## [Records shown]

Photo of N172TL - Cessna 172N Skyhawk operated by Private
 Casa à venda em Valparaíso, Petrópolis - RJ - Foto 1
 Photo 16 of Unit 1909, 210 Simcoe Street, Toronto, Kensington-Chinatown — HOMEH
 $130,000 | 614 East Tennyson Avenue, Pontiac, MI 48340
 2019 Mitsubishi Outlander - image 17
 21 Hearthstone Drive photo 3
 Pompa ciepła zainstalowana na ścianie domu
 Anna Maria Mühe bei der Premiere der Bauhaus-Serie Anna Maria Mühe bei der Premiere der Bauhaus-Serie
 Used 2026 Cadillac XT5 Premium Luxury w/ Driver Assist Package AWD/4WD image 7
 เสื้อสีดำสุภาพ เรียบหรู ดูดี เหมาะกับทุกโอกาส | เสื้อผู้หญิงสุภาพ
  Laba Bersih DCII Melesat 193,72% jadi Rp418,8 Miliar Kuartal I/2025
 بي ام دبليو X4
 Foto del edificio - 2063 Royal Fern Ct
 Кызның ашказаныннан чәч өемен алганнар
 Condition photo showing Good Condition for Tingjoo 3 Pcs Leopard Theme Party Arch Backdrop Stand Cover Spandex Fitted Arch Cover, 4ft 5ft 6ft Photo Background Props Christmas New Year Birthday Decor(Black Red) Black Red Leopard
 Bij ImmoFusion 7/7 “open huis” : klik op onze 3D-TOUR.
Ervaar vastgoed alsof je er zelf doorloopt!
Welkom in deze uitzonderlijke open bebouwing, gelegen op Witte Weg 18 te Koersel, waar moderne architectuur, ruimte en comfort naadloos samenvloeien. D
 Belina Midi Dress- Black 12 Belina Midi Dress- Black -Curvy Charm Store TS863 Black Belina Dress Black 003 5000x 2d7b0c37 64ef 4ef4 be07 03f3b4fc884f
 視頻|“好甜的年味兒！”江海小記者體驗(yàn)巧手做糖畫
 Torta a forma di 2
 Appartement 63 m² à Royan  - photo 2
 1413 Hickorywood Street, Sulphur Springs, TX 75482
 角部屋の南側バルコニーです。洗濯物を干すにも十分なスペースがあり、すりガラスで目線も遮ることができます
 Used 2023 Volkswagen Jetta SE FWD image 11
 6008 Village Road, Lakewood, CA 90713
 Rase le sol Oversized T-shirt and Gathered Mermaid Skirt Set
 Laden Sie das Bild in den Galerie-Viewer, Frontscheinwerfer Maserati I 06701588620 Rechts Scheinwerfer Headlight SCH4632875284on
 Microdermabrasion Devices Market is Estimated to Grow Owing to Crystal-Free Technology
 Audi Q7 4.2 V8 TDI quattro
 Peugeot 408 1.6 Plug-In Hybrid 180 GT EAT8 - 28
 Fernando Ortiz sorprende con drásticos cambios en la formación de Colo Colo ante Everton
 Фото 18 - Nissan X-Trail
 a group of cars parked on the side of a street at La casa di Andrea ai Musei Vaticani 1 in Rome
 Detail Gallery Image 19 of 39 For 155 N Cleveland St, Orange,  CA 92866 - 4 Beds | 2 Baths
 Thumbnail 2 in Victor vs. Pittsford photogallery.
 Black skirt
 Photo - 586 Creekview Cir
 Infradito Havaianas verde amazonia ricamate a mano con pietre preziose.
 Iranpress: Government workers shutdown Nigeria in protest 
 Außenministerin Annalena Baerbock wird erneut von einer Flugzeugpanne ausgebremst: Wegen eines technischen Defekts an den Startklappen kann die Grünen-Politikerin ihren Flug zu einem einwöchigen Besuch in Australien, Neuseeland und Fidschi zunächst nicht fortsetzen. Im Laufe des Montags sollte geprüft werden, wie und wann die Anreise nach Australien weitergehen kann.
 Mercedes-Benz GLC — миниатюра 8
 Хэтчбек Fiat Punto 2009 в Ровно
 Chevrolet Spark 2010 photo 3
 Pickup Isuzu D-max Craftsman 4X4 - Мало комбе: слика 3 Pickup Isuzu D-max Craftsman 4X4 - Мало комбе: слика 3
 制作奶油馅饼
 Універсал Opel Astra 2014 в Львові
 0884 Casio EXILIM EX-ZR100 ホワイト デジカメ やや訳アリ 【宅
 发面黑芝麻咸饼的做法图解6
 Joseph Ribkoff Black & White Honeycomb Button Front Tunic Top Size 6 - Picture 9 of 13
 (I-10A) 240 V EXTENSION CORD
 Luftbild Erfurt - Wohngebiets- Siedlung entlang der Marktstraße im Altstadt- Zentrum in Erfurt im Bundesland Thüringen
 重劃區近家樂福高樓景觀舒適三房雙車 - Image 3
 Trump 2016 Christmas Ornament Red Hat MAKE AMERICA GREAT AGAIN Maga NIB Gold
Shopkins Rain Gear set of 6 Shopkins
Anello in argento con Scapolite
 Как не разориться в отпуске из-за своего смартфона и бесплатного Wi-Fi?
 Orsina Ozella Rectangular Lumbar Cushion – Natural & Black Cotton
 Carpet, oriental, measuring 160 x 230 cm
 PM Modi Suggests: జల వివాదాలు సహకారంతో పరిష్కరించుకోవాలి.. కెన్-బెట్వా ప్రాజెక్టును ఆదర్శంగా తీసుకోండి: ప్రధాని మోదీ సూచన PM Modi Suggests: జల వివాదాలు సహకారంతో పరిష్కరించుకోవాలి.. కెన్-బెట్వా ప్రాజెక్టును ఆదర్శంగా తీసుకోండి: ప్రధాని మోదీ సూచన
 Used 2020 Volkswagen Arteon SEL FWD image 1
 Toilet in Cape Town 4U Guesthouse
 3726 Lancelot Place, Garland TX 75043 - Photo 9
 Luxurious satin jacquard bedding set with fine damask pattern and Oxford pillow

## [Your instructions]
Write out exactly, please, the lines beginning at the start of the material and ending with the line that holds "Ervaar vastgoed alsof je er zelf doorloopt!", both included.

## [Response area]
Photo of N172TL - Cessna 172N Skyhawk operated by Private
 Casa à venda em Valparaíso, Petrópolis - RJ - Foto 1
 Photo 16 of Unit 1909, 210 Simcoe Street, Toronto, Kensington-Chinatown — HOMEH
 $130,000 | 614 East Tennyson Avenue, Pontiac, MI 48340
 2019 Mitsubishi Outlander - image 17
 21 Hearthstone Drive photo 3
 Pompa ciepła zainstalowana na ścianie domu
 Anna Maria Mühe bei der Premiere der Bauhaus-Serie Anna Maria Mühe bei der Premiere der Bauhaus-Serie
 Used 2026 Cadillac XT5 Premium Luxury w/ Driver Assist Package AWD/4WD image 7
 เสื้อสีดำสุภาพ เรียบหรู ดูดี เหมาะกับทุกโอกาส | เสื้อผู้หญิงสุภาพ
  Laba Bersih DCII Melesat 193,72% jadi Rp418,8 Miliar Kuartal I/2025
 بي ام دبليو X4
 Foto del edificio - 2063 Royal Fern Ct
 Кызның ашказаныннан чәч өемен алганнар
 Condition photo showing Good Condition for Tingjoo 3 Pcs Leopard Theme Party Arch Backdrop Stand Cover Spandex Fitted Arch Cover, 4ft 5ft 6ft Photo Background Props Christmas New Year Birthday Decor(Black Red) Black Red Leopard
 Bij ImmoFusion 7/7 “open huis” : klik op onze 3D-TOUR.
Ervaar vastgoed alsof je er zelf doorloopt!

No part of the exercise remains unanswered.